There was a path. I had cut through the dense underbrush to make it. It was risky having a marked place to enter but fighting through the dense bushes and trees took up too much valuable time. At the end of the path wasn’t a family home but a large circle. The circle has already been there, I just happened to stumble upon it some three or four weeks ago. I never tended to it but the edge of the circle remained definitive and within it nothing grew. The surrounding woods were completely dark and the moon bore down into the circle like a beam from a mothership. I closed my eyes and allowed the dream to come to me through my senses. It always started with a feeling of doom. It felt like a sinkhole boring down forever into nothingness with my toes hanging just over the precipice. The sense of doom filled me with fear and I began to labor emotionally. The oxygen escaped my lungs like air being discreetly let out of a balloon. Then came the ending which made the rest of the dream worth it. All the tension, fear, and terror from the preceding moments, from every preceding moment in my life up to now, was released. My body went slack and the absence of feeling was the absence of suffering. I was being judged, yes, but after the trial came the sweet salvation of rapture. My eyes shot open and I looked down at my sacrificial lamb. Therein lied my deliverance. I bent down to her neck and desperately grasped it. I closely watched her eyes trying to see if she was feeling what I had felt. It took a long time with her legs thrashing and body convulsing. I stood on my knees, straddling the body and panting from exertion. I looked up tentatively. The eye was closed. He was in contemplation. After a few minutes, the cloud receded and the circle was resubmerged into a pool of light. I was holding my breath as I watched the sky when movement at the edge of the wood caught my attention. I thought it perhaps a tender sapling bending in the wind but then it began to descend the small hill and I could see that it was a tall, slender man making his way towards me. Had he come to take me or get rid of me? The figure came closer and I tried to get a glimpse of his face but it was entirely shrouded in shadow even in the light. I tried to stand but found that I could not. In front of me, I clawed at his wool cape, his perfectly seamed and tailored pants, but they slipped through my fingers as if they were made of smoke.

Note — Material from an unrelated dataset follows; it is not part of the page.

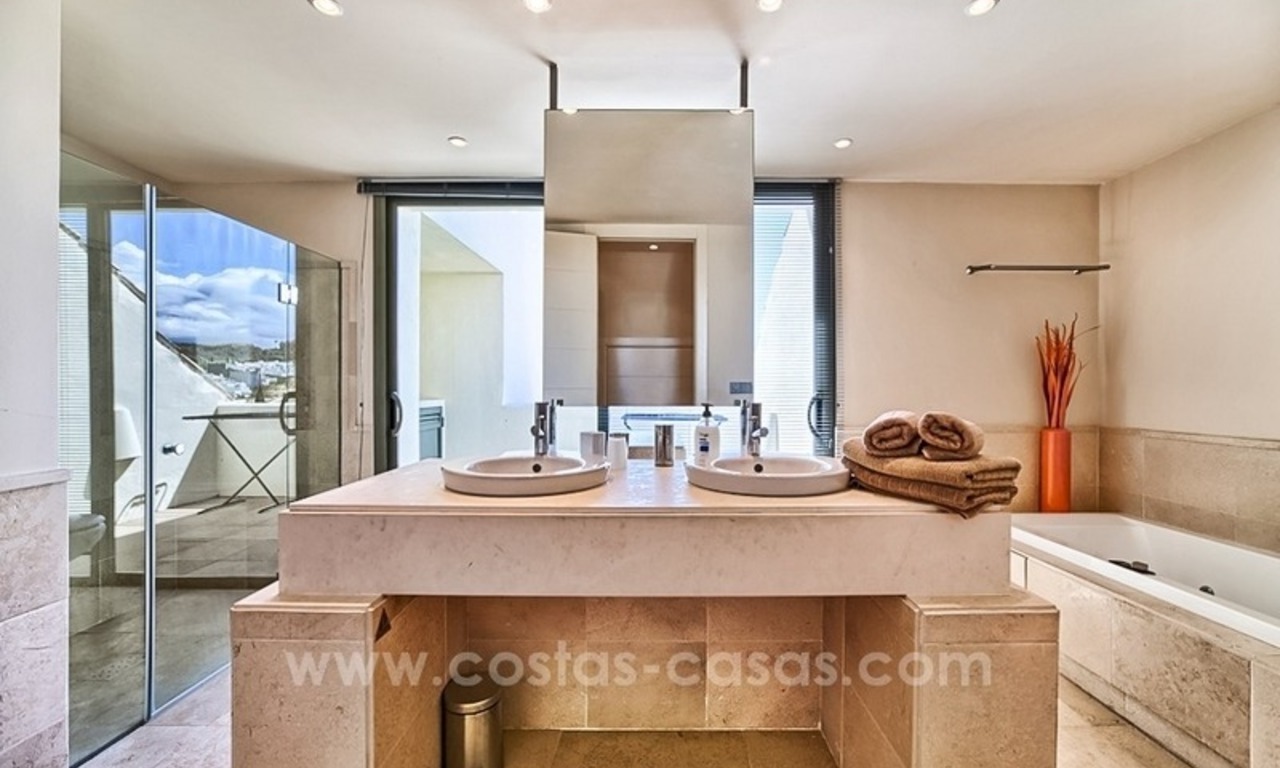 Appartement penthouse moderne de luxe en première ligne de golf à vendre dans un complexe de golf 5 * dans Benahavis - Marbella 18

“You’ve brought another one. I won’t complain. The blood of one who has just killed another is very fine indeed.”
He spoke with a heavy accent but I had no trouble understanding. It was familiar though I couldn’t place it.
“Father…Saviour…”
He leaned down and pressed his lips to my neck and I didn't even have the privilege of feeling his breath. A thorn pierced my neck and all that I was flowed into him and my body gladly released it. The last thing I remember is the sky, not a blessed star sight, and then everything became as it was in the beginning.